With love for reading……..

Sunday, April 24, 2011

Time is Life !

If you squander your time, you waste your life; as it is the stuff life is made of. – Albert Einstein

‘Time is money’—right?
Wrong. Money lost can be re-earned but the time wasted can never be returned.  People say times come and go but actually time never comes and goes, rather people come and go; time is eternity. God created time before people. Time is currency of life passing through seconds, minutes, hours, days, months and years.
Time factor makes a lot of difference between the poor and the rich. The poor spends his time in futile activities while the rich invests it in his dreams which will come true once the investment of time & energy gets matured. Whatever we become in life is what we use our time to accomplish. Time is the only asset equally given to every person on the earth. H Jackson Brown once said, “Don’t say you don’t have enough time. You have exactly the same number of hours per day that were given to Helen Keller, Michelangelo, Mahatma Gandhi, Mother Teresa, Leonardo Da Vinci, Abraham Lincoln and Albert Einstein.”
 To succeed in life, we must learn to manage our time effectively.  Time is very precious & valuable asset and has some characteristics:  time cannot be stored, time cannot be stopped, time cannot be stretched and time cannot be managed too. We can manage our actions & behavior but not time. Stephen Covey defines a matrix in his bestselling book ‘Seven Habits of Highly Effective People’.               

 Time Management Matrix:
The two factors that define an activity are urgency and importance. Urgency means it requires immediate attention. Urgent matters are usually visible. They press on us; they insist on action. Paying mobile bill by due date is an urgent activity.
Importance, on the other hand, has to do with results. If something is important, it contributes to your mission, your values and your high priority goals. For example, reading might not be urgent but it is important.

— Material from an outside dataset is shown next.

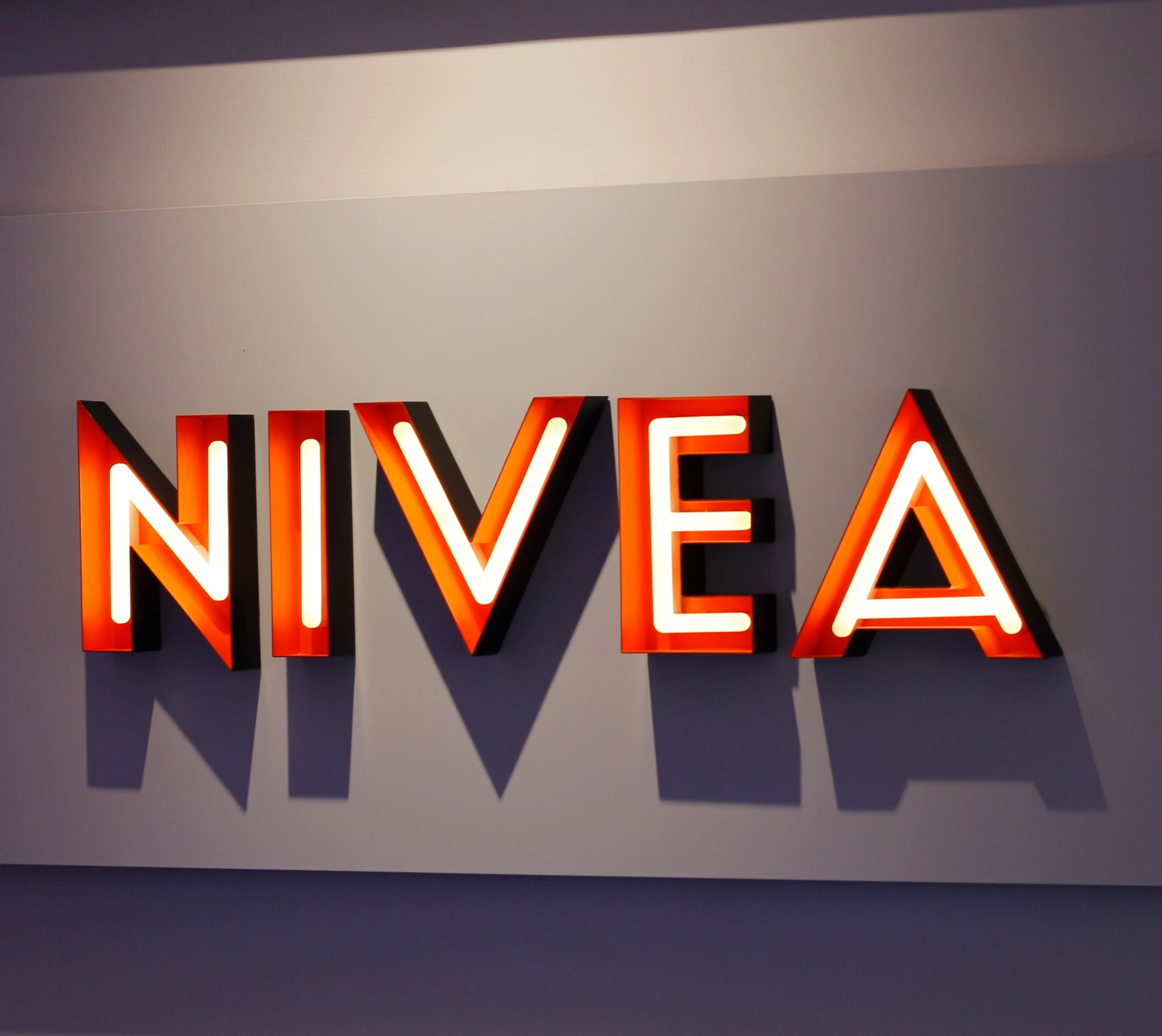 Neon Led Lettering Energy Efficient 3D LED Neon Letters, Vibrant Acrylic Light Sign for ...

We react to urgent matters even if those are not important. Whereas important matters that are not urgent require more initiative, ownership & drive. Being in quadrant 1 brings - stress, burnout, firefighting, focus on the immediate & crisis management. There are some unnecessary things calling for our attention in this busy world. Those things are known as time wasters. These distractions or time wasters include: long calls, visitors, attending unscheduled meetings/parties, long hours of sleep, lack of self discipline, laziness, lack of planning, procrastination, gossips, lack of priorities, unclear objectives etc. These fall in quadrant 3 & 4. Spending more time in these quadrants would lead to a mediocre life. While spending time in quadrant 2 would mean long term perspective, discipline, control, balance & visionary life. We must have clarity on our goals and press on the activities which are important (Q-2) to turn our dreams into reality.

Strategies to manage your time better:
§ Increase your time awareness. Get to know where is it going? Failing to plan is actually planning to fail; so plan your work and be organized.
§ Prioritize your tasks and learn to say no to time wasters. Most important things should never be sacrificed on the cost least important ones.
§ Learn to utilize smaller chunks of time. I would suggest never leave your place without a book in your hand. I have found out that if we use smaller chunks of time (waiting time); we can read 25 pages every day which equals to 750 pages a month and this means 36 books (considering 250 pages in each book) in a year with no extra time.   
§ Use tools like post-it notes, to do lists, calendar, diary, reminders etc.

Time is life; live it.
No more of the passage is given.